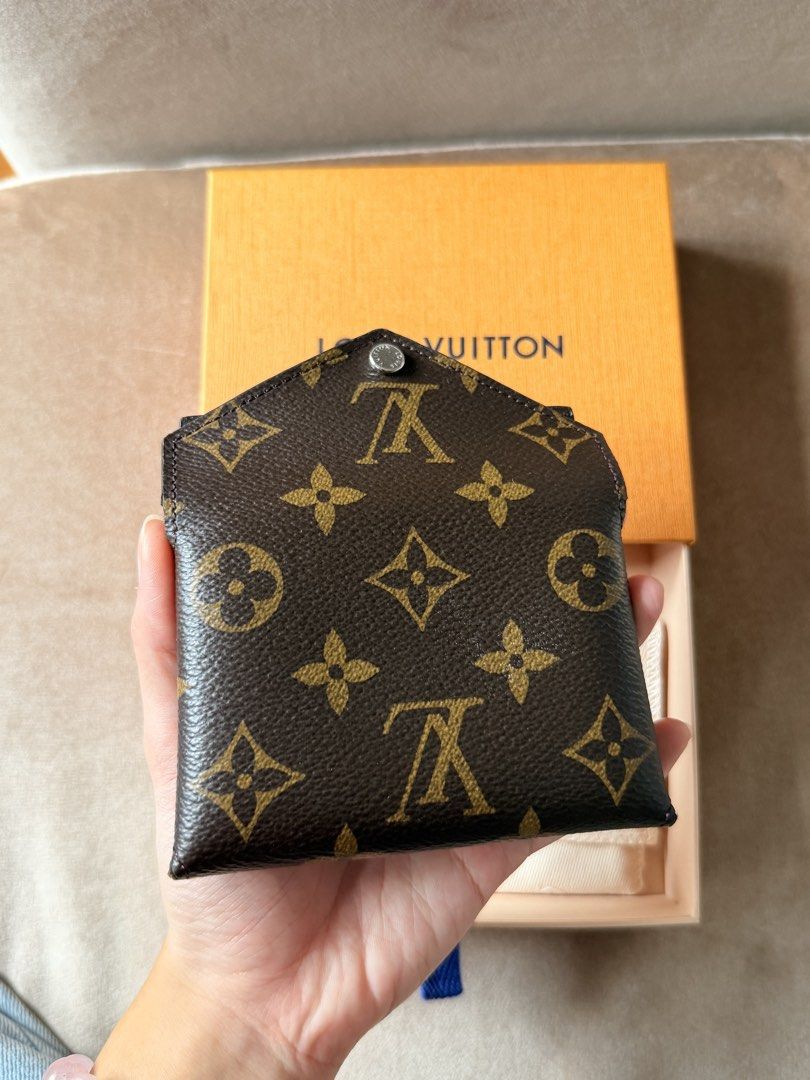 Louis Vuitton Monogram Card Holder (Category: Luxury Bags & Wallets) located in Manila. Submitted by petitecherieee (Listing ID 1458963720, Image 2). Description: Bought in LV Greenbelt, Makati Pink - interior Visible Usage Marks and Small Creases Comes with original box/dustbag *I do not sell fakes/replicas* #louisvuitton #designersmallgoods.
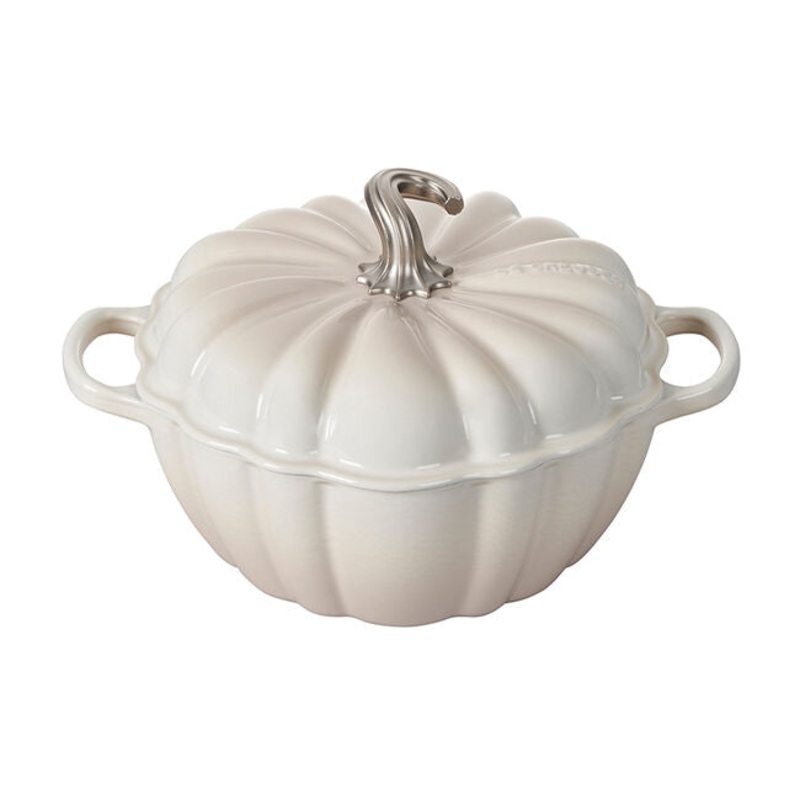 Le Creuset Pumpkin Cocotte – Meringue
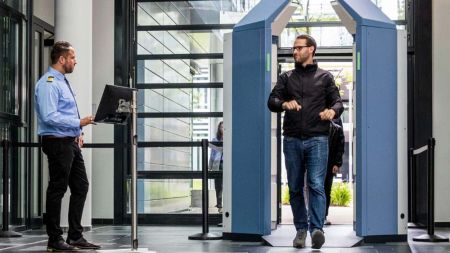 Быстрый сканер безопасности персонала R&S QPS Walk2000 Быстрый сканер безопасности персонала R&S QPS Walk2000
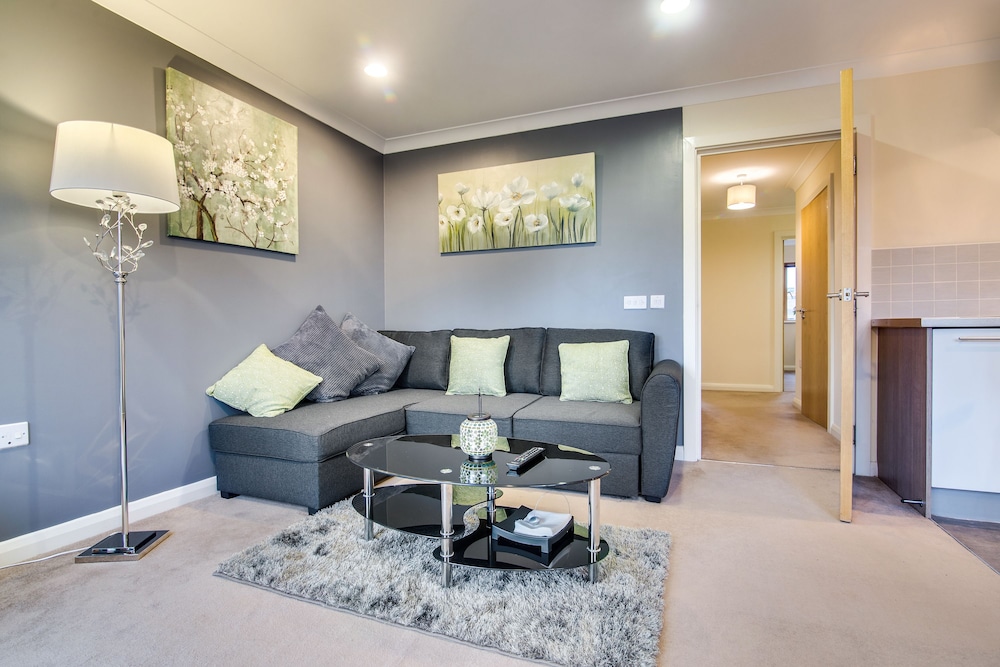 Mica Point City Centre Apartment 32/50
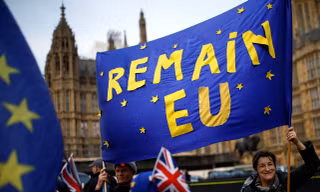 Những người phản đối Brexit biểu tình ngoài đường phố với khẩu hiệu " Hãy ở lại EU"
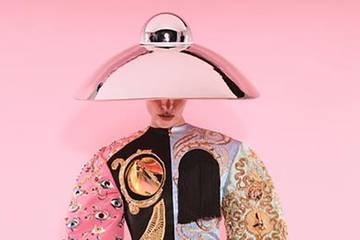 Video: Schiaparelli FW21 haute couture collection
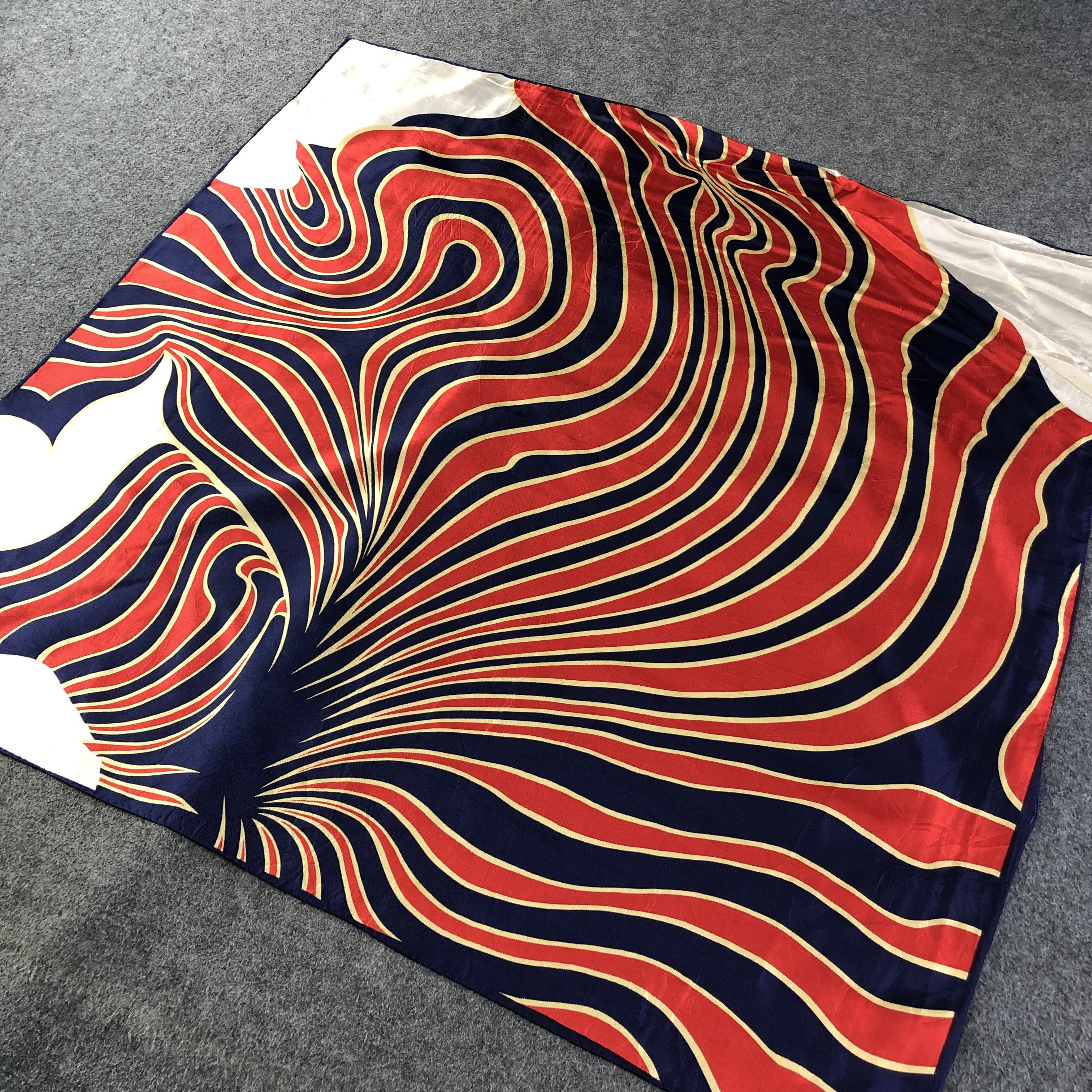 Japanese Brand Vintage Abstract Design Hand Rolled Silk Scarf M530 Size ONE SIZE - 2 Thumbnail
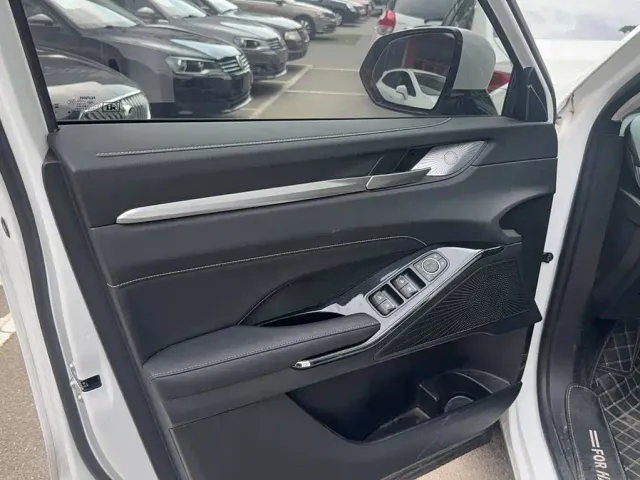 Haval H6 — Фото автомобиля 24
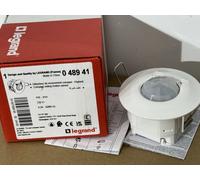 Legrand Détecteur de mouvement autonome Eco1 048941 - 3 fils avec neutre - IP41 - Fixation plafond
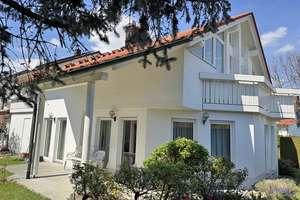 Elegantes, gepflegtes Einfamilienhaus in ruhiger Lage – Die vollständige Adresse der Immobilie erhältst du vom Anbieter., 87700 Eisenburg, Memmingen – Vorschaubild 1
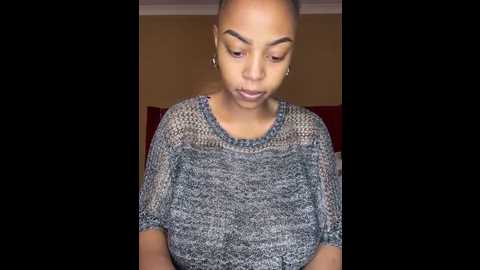 Media: tamia_98 Stripchat 2024-09-21 03:08:00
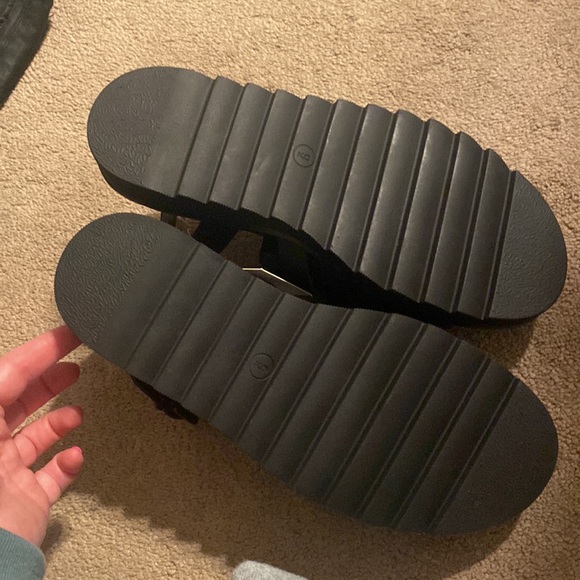 Platform Sandals - Picture 3 of 3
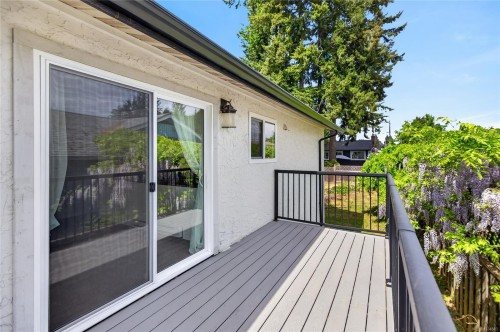 684 Robron Rd, Campbell River, BC 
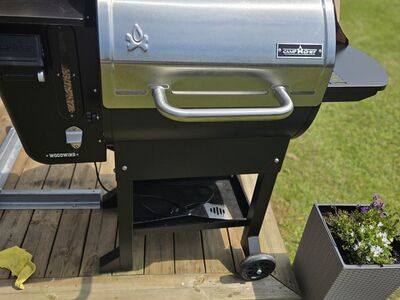 Müüa Camp Chefi pelletgrill.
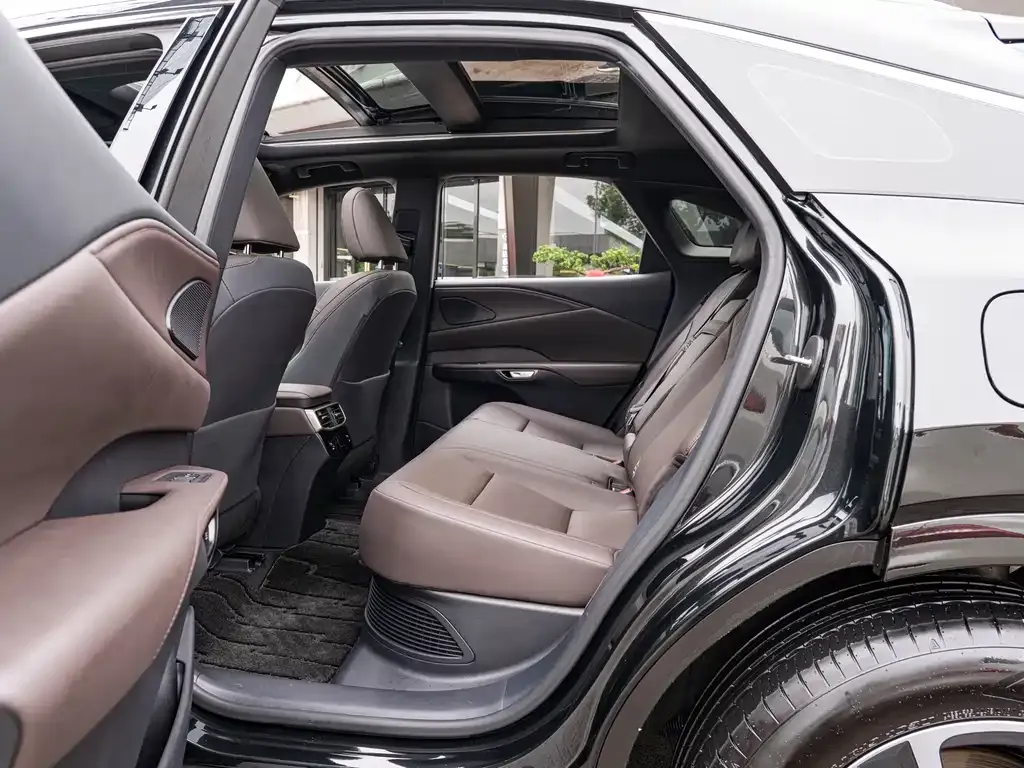 Lexus RX 2025 из CN, фото 9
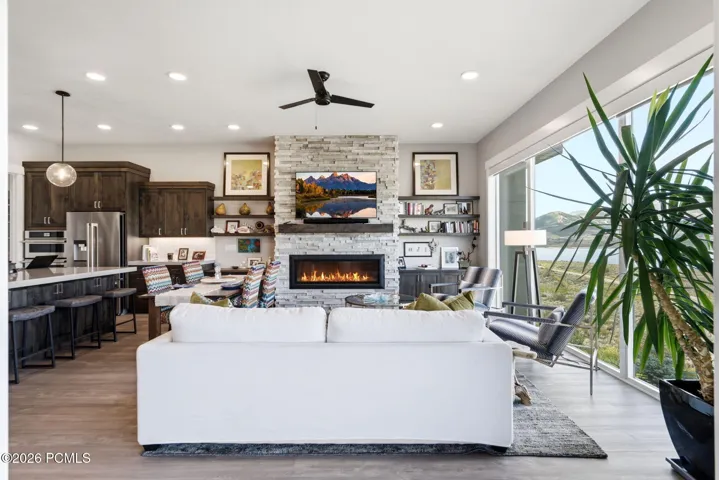 Main Level - Living Room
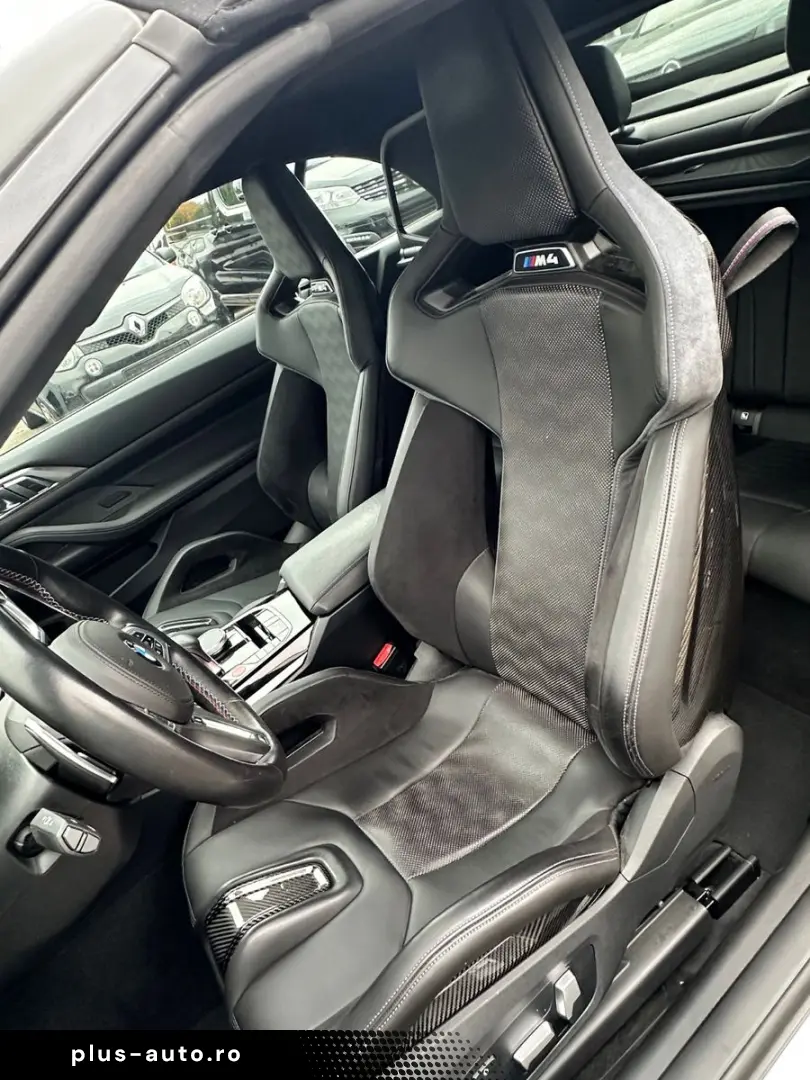 BMW M4 Cabrio G83 xDrive Competition Carbonsitze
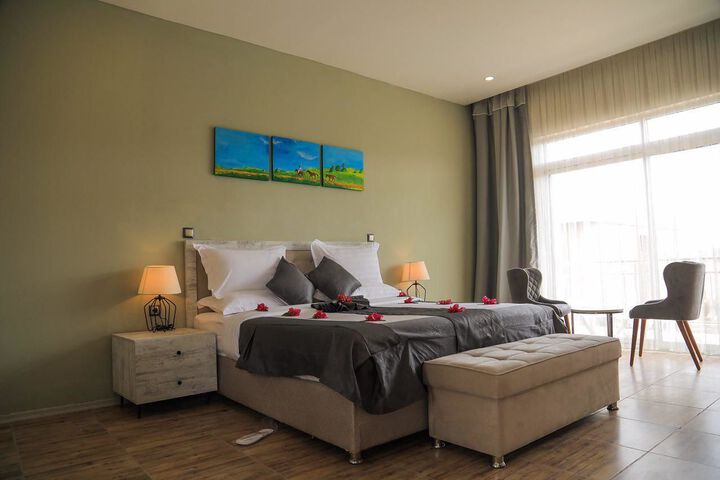 Room 15 of 19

_ _ _ _ _ _ _

Requirement:
Exactly the lines from the line containing "684 Robron Rd, Campbell River, BC" to the end of the records need to be copied, both ends included, with pictures left out.

Expected answer:
 684 Robron Rd, Campbell River, BC 
 Müüa Camp Chefi pelletgrill.
 Lexus RX 2025 из CN, фото 9
 Main Level - Living Room
 BMW M4 Cabrio G83 xDrive Competition Carbonsitze
 Room 15 of 19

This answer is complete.